清の衰退 18世紀後半になると、各地で抗租・抗糧と呼ばれる経済闘争、白蓮教と総称される秘密宗教結社の反乱が続発し、戦乱による荒廃と反乱平定に要した巨額の出費は、清の国力を大きく消耗させた。
清の衰退


清代の人口の変化 清代中期の爆発的人口増加は太平の持続と穀物増産の進展によるほか、地丁銀制施行により人頭課税が廃止されたことも影響している。人口増加は耕地不足を招いて流民や移民の数も増加させ、華北漢人の華南移住(客家)や、東南アジアなどへの国外移住(いわゆる華僑)などが進展していった。

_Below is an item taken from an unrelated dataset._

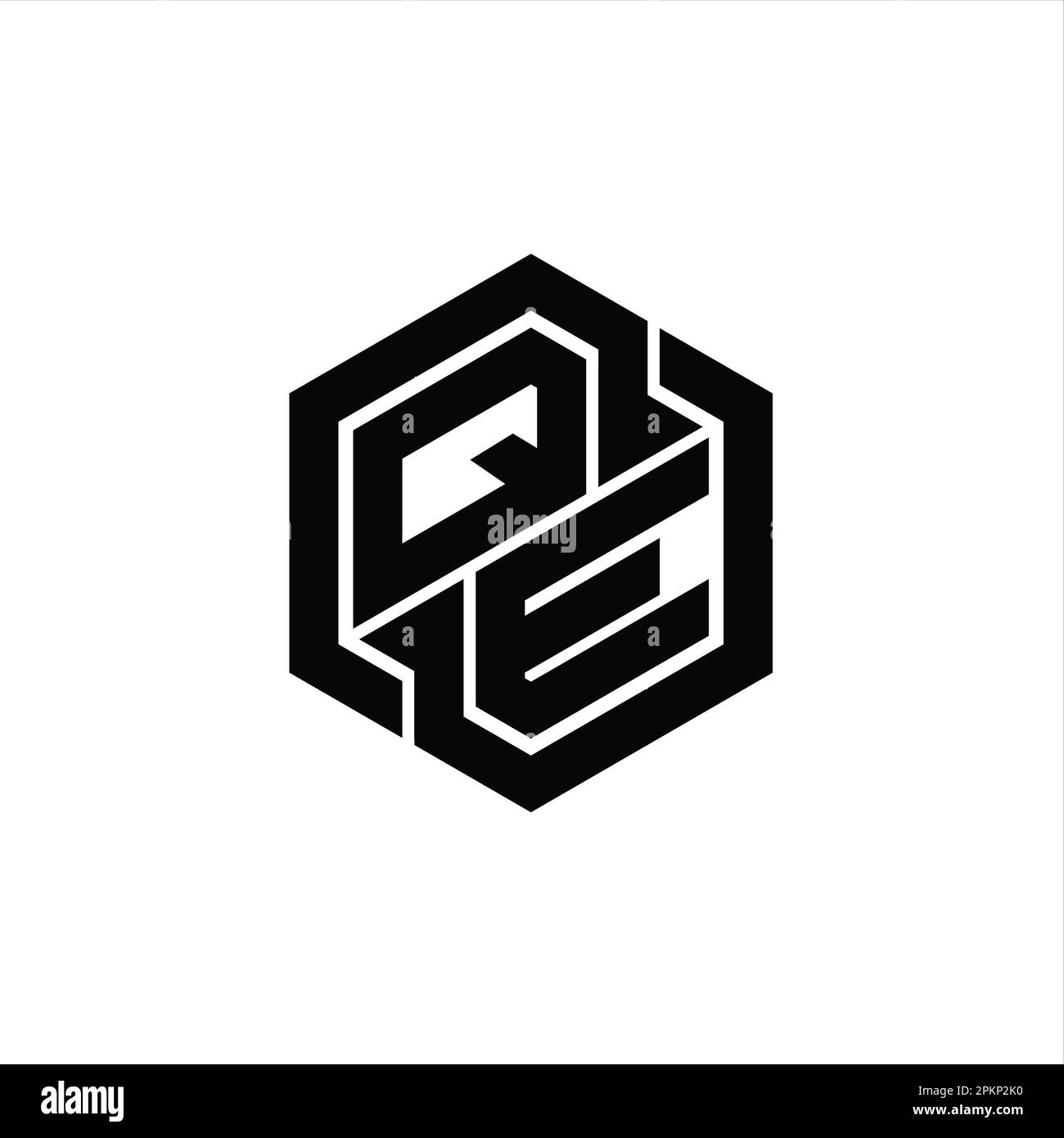 QE Logo monogram gaming with hexagon geometric shape design template ...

このため、乾隆帝の治世も後半になると、各地で民衆の反乱や抵抗運動が続発するようになったが、これらの反乱・抵抗運動には、抗租・抗糧 ❶ と呼ばれる経済闘争のほか、秘密宗教結社に率いられたものが多かった。元末以来、明・清と根強い活動を続けてきたこれらの秘密宗教結社は、一般に白蓮教と総称されるが、1774年に山東省でおきた清水教の乱は、この時期における白蓮教の反乱の皮切りとなり、1796年に始まった白蓮教徒の乱(嘉慶白蓮教の乱, 1796〜1804)は、湖北・四川省を中心に10年に及ぶ大乱となった。清朝はこの反乱の平定に苦しみ、清朝正規軍(八旗・緑営)の腐敗と弱体化が露呈され、反乱の平定には、むしろ地方官や地主層によって組織された地方自衛軍(郷勇)の活躍によるところが大きかった。また、戦乱による荒廃と反乱平定に要した巨額の出費は、清の国力を大きく消耗させた。その後も白蓮教結社の地下活動はやまず、1813年には教徒が不意をついて北京の宮城内に乱入するという天理教との乱がおきている。またこの時代には、「反清復明」を唱える民間の政治的秘密結社の活動も活発になった。こうした政治的秘密結社を会党といい、天地会・哥老会などが代表的なものであった。❶ 抗租は佃戸の地主に対する小作料の減免闘争をさし、抗糧は土地所有農民の国家に対する納税忌避闘争をさす。